Let the set $S$ in $R^n$ consists of the origin $0$ and $n$ lineary independent vectors $T_1, \ldots, T_n$. Show that $C(S)$, the convex hull of of $S$, is the intersection of its extreme supports, i.e. those which contain $n$ points from the set $S$.
Any hints how to prove this?
EDIT: For a hyperplane $H = \{ P : N\cdot P = a \} $ and a convex set $C$ such that $C$ is contained in $H^+ := \{ P : N\cdot P > a \}$, then $H$ is called a supporting hyperplane for $C$ and $H^+$ is called a support for $C$.

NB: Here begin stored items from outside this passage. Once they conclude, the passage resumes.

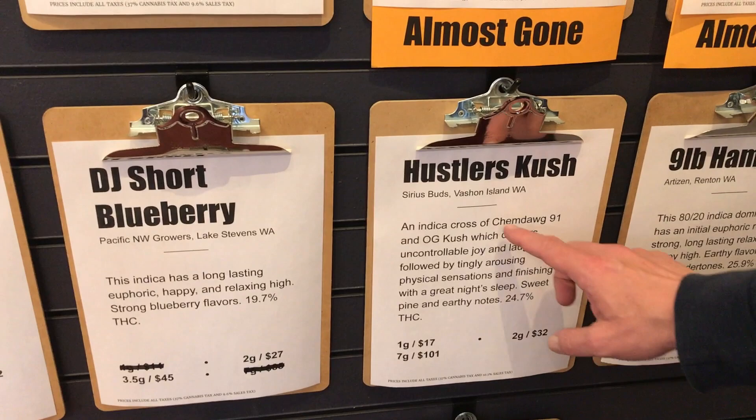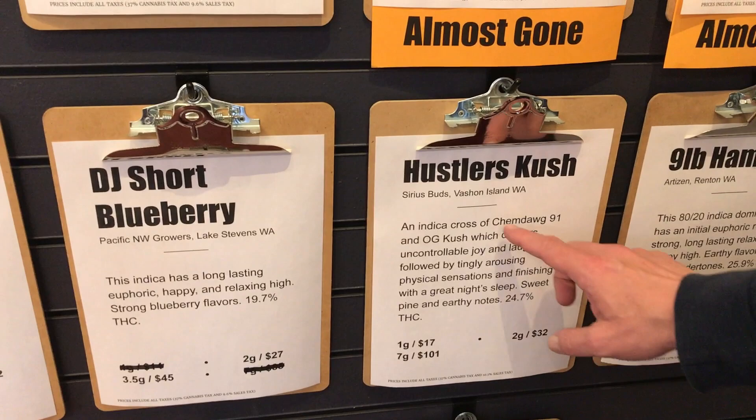The Chem Dog has a little bit more of a head high to it, so it's going to be body calming fairly quickly with a head high. But then the head high wears off — that's one of the interesting things about hybrids. Very often when they have both sativa and indica characteristics, the head high wears off more quickly than the body high, and the body high is the part that then makes you feel relaxed and maybe sleepy.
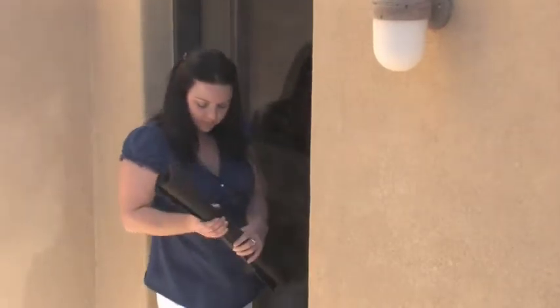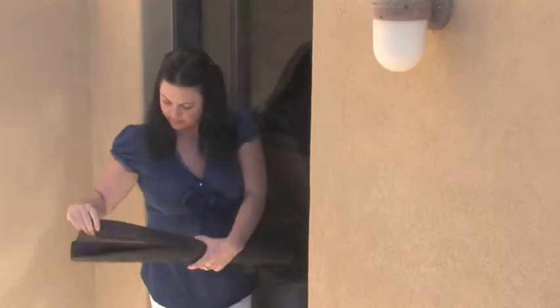Our shades are easy to install — no tools are required, no holes to drill, no permanent attachments, and no waiting around for installers.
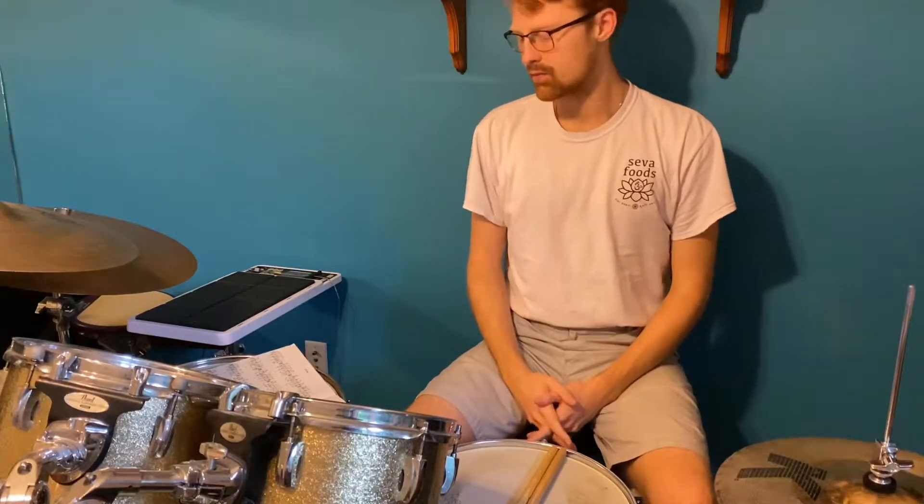Hey guys, what is up? I am Todd Blackman, your Sunday Drimmer, and today we're doing another drum lesson.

The problem is affine, so we might as well assume the $T_i$ are the standard basis vectors: $T_i=e_i$. Then: \begin{align*} C(S) &= \left\{\lambda_0\cdot 0 + \sum_{i=1}^n\lambda_i e_i\;\colon\; \text{all $\lambda_i\ge 0$ and } \sum_{i=0}^n \lambda_i = 1 \right\} \\ &= \left\{\sum_{i=1}^n\lambda_i e_i \;\colon\; \text{all $\lambda_i\ge 0$ and } \sum_{i=1}^n \lambda_i \le 1 \right\} \\ &= \left\{x \;\colon\; \text{all $x_i\ge 0$ and } \sum_{i=1}^n x_i \le 1 \right\} \end{align*} where in the last step I'm writing $x=(x_1,\dotsc,x_n)$.
Now you just need to check that the halfspaces represented by the conditions $x_i\ge 0$ and $\sum_{i=1}^n x_i\le 1$ each contain $n$ points of $S$ on their respective boundaries.